### DIRECTIONS:
Return the data below unchanged. Drop any pictures.
START RECORDS FOR THIS EXERCISE
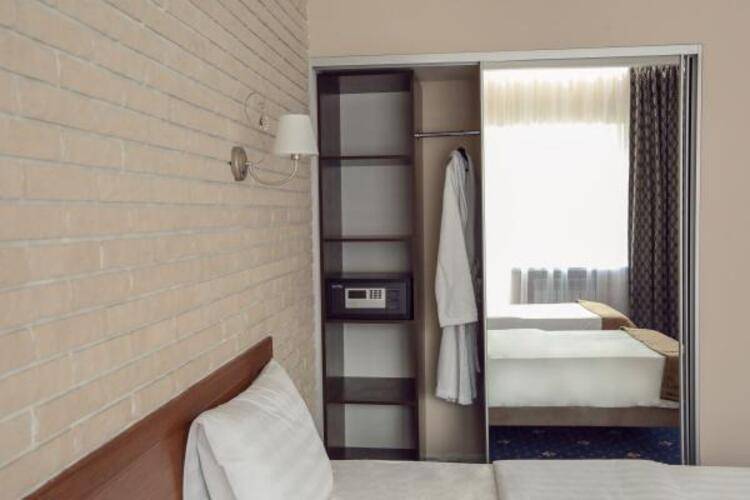 Royal Park Hotel
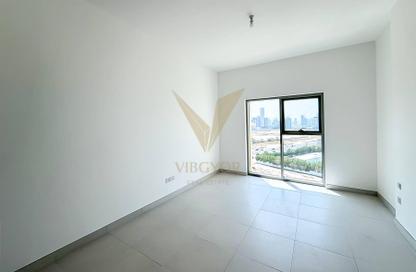Apartment - 1 Bedroom - 2 Bathrooms for rent in Rabdan Building - Motor City - Dubai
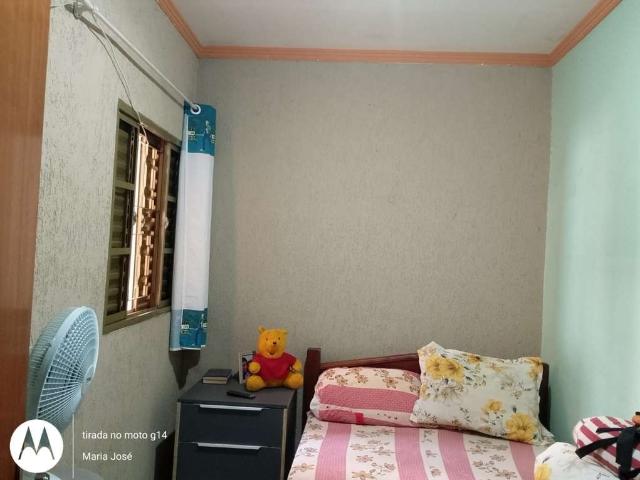 Casa / Sobrado para Venda em Uberlândia/MG Luizote de Freitas 3 Quartos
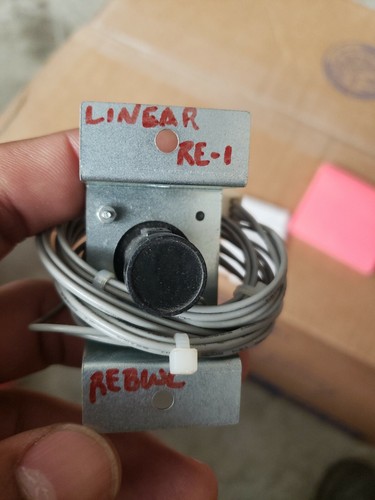 Telecamera lineare in - telecamera,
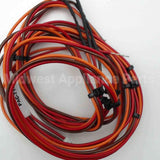 PAC-715AD Mitsubishi Electric 3 Pin Connector Plug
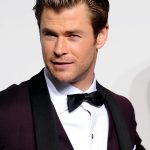 FamousPeopleFacts - Chris Hemsworth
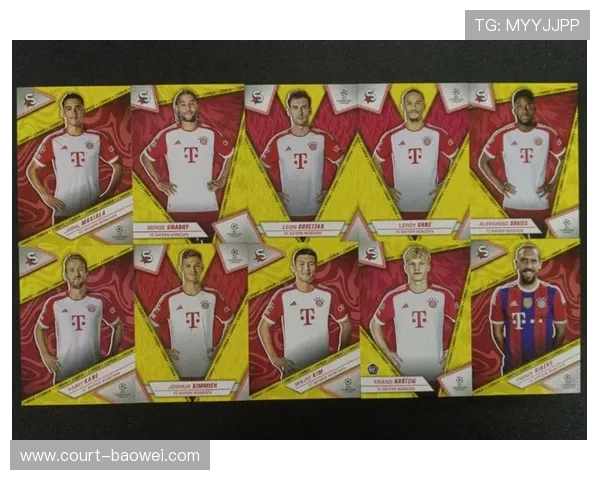 选择高性价比足球球星卡包的购买指南及推荐分析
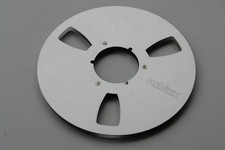 Top original Revox Bandspule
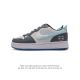 耐克 Nike Court Borough Low 2 Gs 小空军 低帮百搭透气休闲运动板鞋男女鞋。经典耐用的设计，兼顾舒适脚感和出众风范，演绎匠心之作。结构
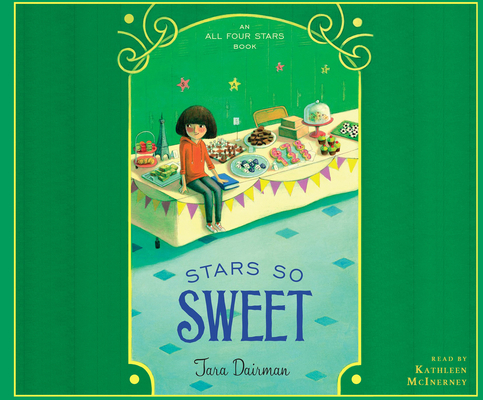 Stars So Sweet 1520014880 Book Cover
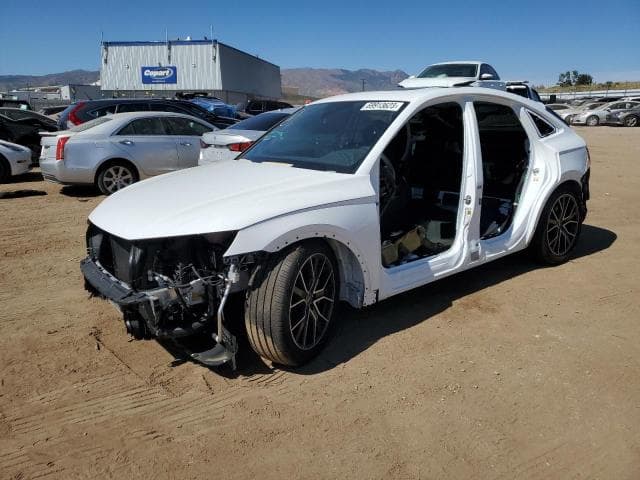 WA124AFY2P2007511 AUDI SQ5 2023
END RECORDS FOR THIS EXERCISE
### RESULT FOR THIS EXERCISE:
 Royal Park Hotel
Apartment - 1 Bedroom - 2 Bathrooms for rent in Rabdan Building - Motor City - Dubai
 Casa / Sobrado para Venda em Uberlândia/MG Luizote de Freitas 3 Quartos
 Telecamera lineare in - telecamera,
 PAC-715AD Mitsubishi Electric 3 Pin Connector Plug
 FamousPeopleFacts - Chris Hemsworth
 选择高性价比足球球星卡包的购买指南及推荐分析
 Top original Revox Bandspule
 耐克 Nike Court Borough Low 2 Gs 小空军 低帮百搭透气休闲运动板鞋男女鞋。经典耐用的设计，兼顾舒适脚感和出众风范，演绎匠心之作。结构
 Stars So Sweet 1520014880 Book Cover
 WA124AFY2P2007511 AUDI SQ5 2023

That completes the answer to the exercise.